Pois um ano exacto após a morte de João, a notícia é que Zuza está a acabar uma biografia de João Gilberto. Não é um primeiro olhar sobre o músico e a sua obra, já que Zuza, ao longo de uma vida que já soma 86 anos (como jornalista, crítico, investigador, radialista, musicólogo, produtor, escritor e desde Agosto de 2018 um “imortal” da Academia Paulista de Letras), por várias vezes a abordou, editando até em 2001, pela Publifolha, um primeiro perfil intitulado João Gilberto. Mas Zuza, ao que foi anunciado em vários jornais brasileiros, quis ir mais longe e já desde 2018 que vinha (com a preciosa ajuda da sua mulher Ercília Costa) ampliando notas, investigações e entrevistas de modo a escrever uma biografia de João Gilberto tão completa quanto possível. Com carta-branca da Editora 34, que assegurou a quase totalidade dos seus livros (Música popular brasileira cantada e contada, 1976; A canção no tempo, em co-autoria com Jairo Severiano, 1997-98; A Era dos Festivais, 2003; Música nas veias: memórias e ensaios, 2007; Eis aqui os bossa-nova, 2008; Música com Z, 2014; e Copacabana: a trajetória do samba-canção (1929-1958), 2017), e citando a notícia do jornal Tempo, “ergueu as mangas e foi a campo quando isso ainda era possível (e ao telefone quando deixou de ser) para fazer crescer um livro que já havia escrito sobre o cantor e compositor de Juazeiro da Bahia.” Um trabalho que não terminou ainda, mas que tem dez capítulos prontos, em revisão, devendo chegar aos 15 até final do ano.

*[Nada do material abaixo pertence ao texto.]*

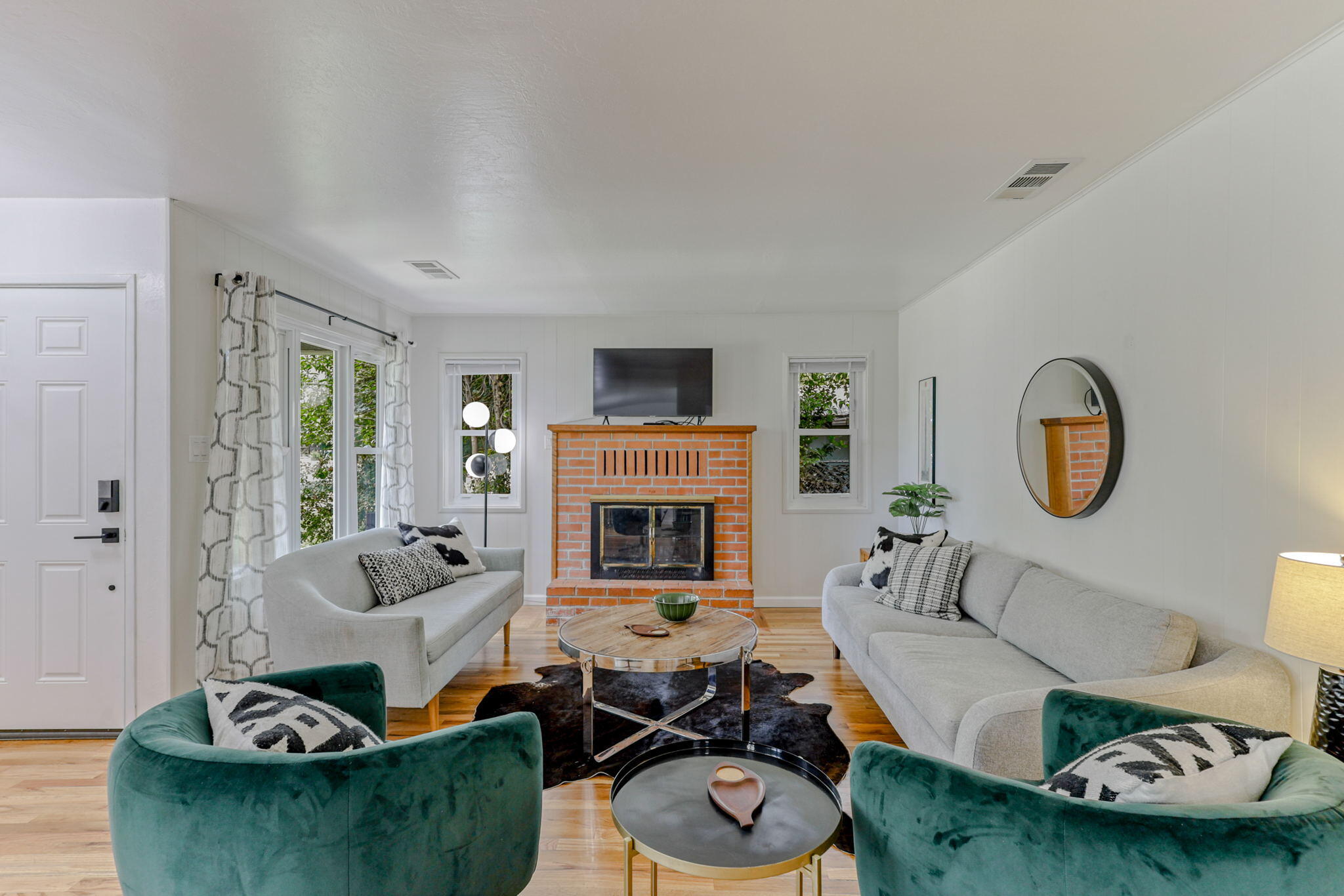750 Locust Street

Citando ainda o Tempo, Zuza diz que não são os boatos ou as histórias banais que o movem, mas sim factos comprovados: “Todo mundo quer saber a história do gato que pulou da janela por não aguentar mais João ensaiar a mesma música. Eu não caio nessa. Minha proposta não foi a de fazer um livro de anedotas, que até pode existir, mas não quis as fofocas. Só vou publicar aquilo que consegui confirmar.” Para isso, ele fez mais quatro dezenas de entrevistas, no Brasil e nos Estados Unidos (onde falou com vários músicos sobre o impacto da bossa nova no jazz), acreditando que com as suas pesquisas trará nova luz sobre episódios ainda pouco detalhados em entrevistas, artigos ou obras anteriores, como as “suas fases em Juazeiro da Bahia, de onde [João Gilberto] sai aos 18 anos, Porto Alegre, para onde vai depois de uma primeira temporada no Rio, pré-bossa nova, e Diamantina, em Minas Gerais.”

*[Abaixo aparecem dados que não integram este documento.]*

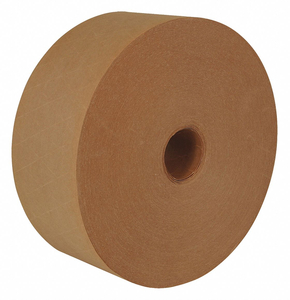 CARTON TAPE NATURAL 3 IN X 450 FT. PK10 by Central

E tudo isso sem esquecer a música. Citando ainda, o mesmo jornal, que assim termina o artigo: “Zuza faz algo do qual muitos biógrafos se esquecem, como se seus ofícios fossem apenas braçais: parar de escrever, sentar-se diante de um LP e ouvir seu biografado cantar. Ao falar do dia em que chorou ouvindo o álbum Amoroso, que João lançou em 1977, Zuza Homem de Mello chora mais uma vez.” Uma boa surpresa, esta, que promete iluminar-nos o Natal deste estranho e doloroso 2020.

P.S.: Quis o embaixador Seixas da Costa, motivado por crónica anterior a esta, protestar em carta a este jornal por aquilo que considera coisa de uma “insólita aldeia de Astérix”: resistir ao Acordo Ortográfico. Está no seu direito. Houve logo quem ripostasse, com maior ou menor violência e indignação. Também estão no seu direito. Por mim, só tenho a agradecer. Ao querer divulgar o seu curto e azedo texto, cujo tom se harmoniza na perfeição com a vacuidade argumentativa, o embaixador prestou um serviço maior ao anti-acordismo do que muitos textos contestatários. Escreva mais, senhor embaixador, não desista.